Should you celebrate after a successful bluff?

Osyp’s celebration, while funny, could have given away that he didn’t have the combat trick in hand. But that’s only true if he would only celebrate after a successful bluff.

If he also celebrates with the exact same frequency after such a combat step where he actually had the trick in hand, then Owen could gain no information from the act of celebration. So that’s the key—celebrate just as often and just as enthusiastically in all scenarios.

That said, the whole situation would have been an instant classic if Osyp had attacked Owen on the next turn, got a block, and revealed that he had a trick in hand all along. This didn’t happen here, but I have hopes for the future.

Embrace the Dice Man

In situations like the one that Osyp and Owen found themselves in, you should sometimes bluff and sometimes call. If you do the same every time, then your play style may become known, and astute opponents may take advantage of that. But if you randomize your plays with the right frequencies, then you don’t become exploitable yourself, and you can win more games than you would if you would always play in a certain fixed way.

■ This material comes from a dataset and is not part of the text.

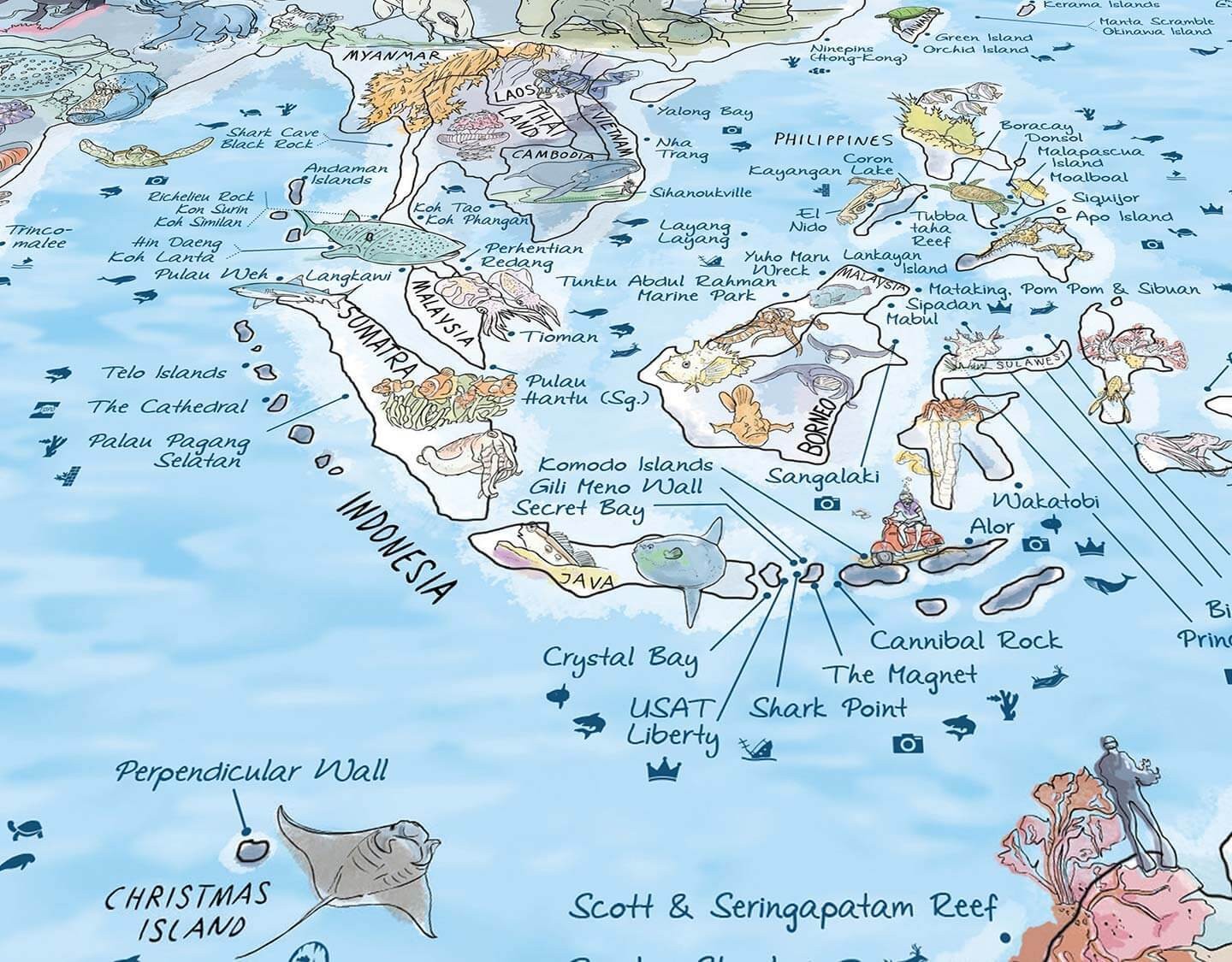 Mapas impresionantes - Póster del mapa mundial - Mapa de buceo reescribible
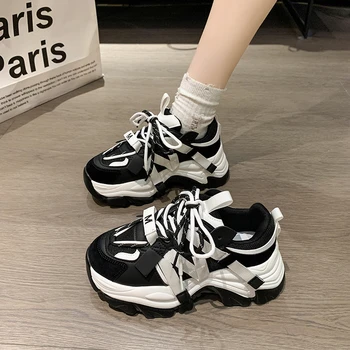 Pantofi pentru femei 2023 Noi Dantela pentru Femei Vulcaniza Pantofi de Moda cu Cap Rotund Adidasi Femei Fierbinte Platformă de Vânzare, Plasă de Sneakerzapatoss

So next time your opponent attacks your 2/2 into your 4/4, just roll a dice. Tell your opponent “I’ll block if it lands on a 1 or 2” (or pick another probability based on the situation at hand) and do whatever the dice tells you to. I have done this on numerous occasions on the Pro Tour myself. The puzzled look on your opponent’s face will be priceless, it brings some additional excitement, and you may maximize your long-term win percentage if you might face your opponent in a similar situation again.